Blanch the spinach by cooking it in boiling water for about 1 minute before removing it to a bowl filled with ice water. Squeeze all liquid from the spinach and set aside.
In the bowl of a food processor, combine the flours, salt, and spinach.
With the food processor running, add the eggs one at a time and blend until a coarse dough begins to form.
Remove the dough to a lightly floured work surface.
Knead until the dough is even throughout and somewhat elastic. The dough should be very tough and on the verge of difficult to manipulate. Add flour as needed.
Process the dough in small batches through your pasta maker according to the instructions.
Note: It is during this step that you will run the pasta through the pasta press numerous times, folding it in on itself and adding a little flour each time, to build the structure in the dough.
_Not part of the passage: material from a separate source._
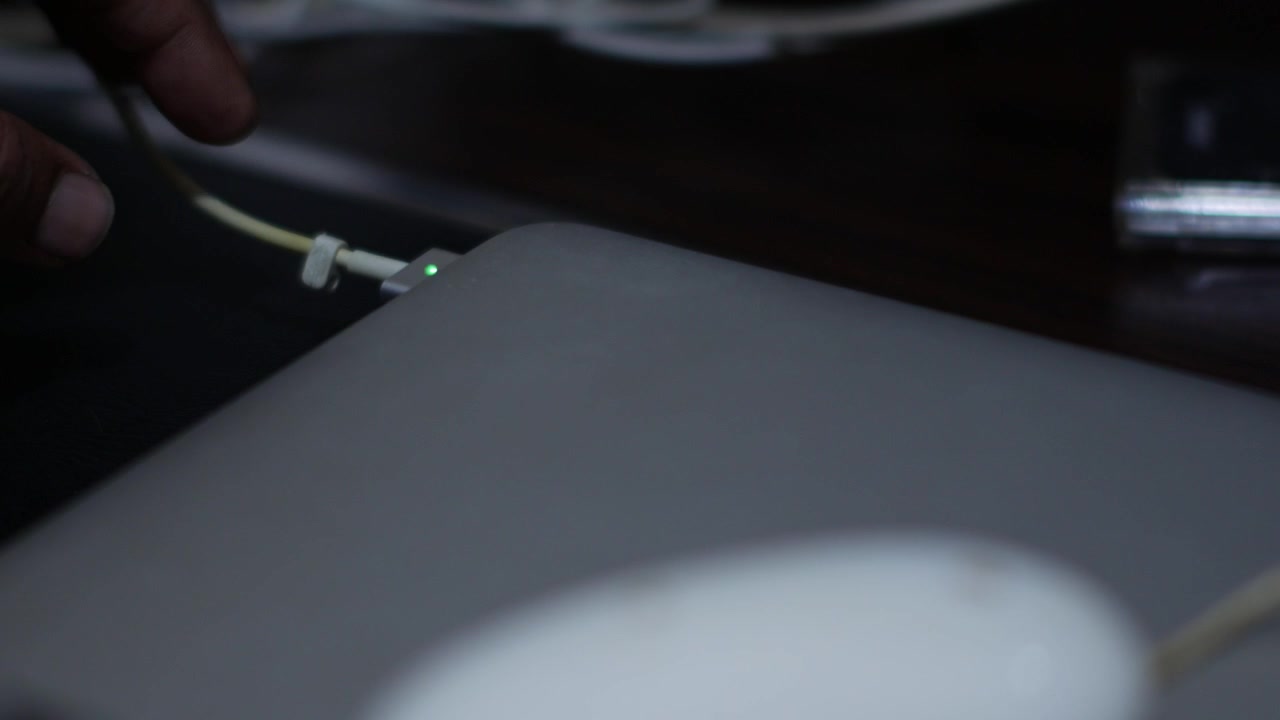 Close Up of Hand Plugging Charging Cable into Laptop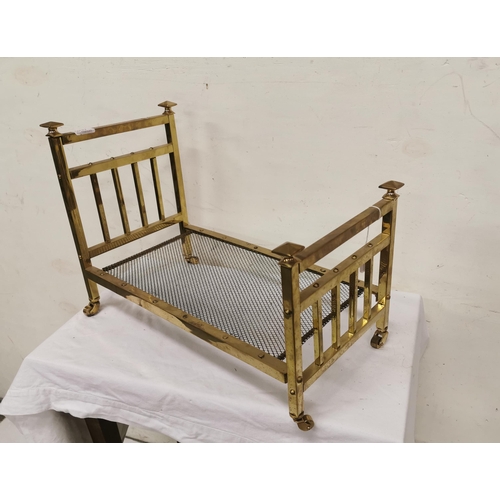 129 - Miniature brass bedstead, rail back with iron base, 37cmH x 52cmL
I suggest doing this 5 or so times before rolling the pasta out in increments to get it to the appropriate thickness.
Once the pasta is rolled to the appropriate thinness depending on the type of pasta you are making, lay it out on a lightly dusted surface and cut out the shapes for the pasta you are making (for ravioli, farfalle, and other broad pastas). For pastas like cappellini, spaghetti, or fettuccine, use the appropriate attachments on your pasta maker or a sharp paring knife.
To sore, wrap pasta in a barely-damp paper towel, and the paper-towel wrapped pasta in parchment paper. Keep the pasta in the refrigerator for up to 3 days. You can also freeze the pasta in an airtight container and store for up to a month.
Depending on the thickness and shape, cook the pasta in boiling water for 2-5 minutes, or until al dente.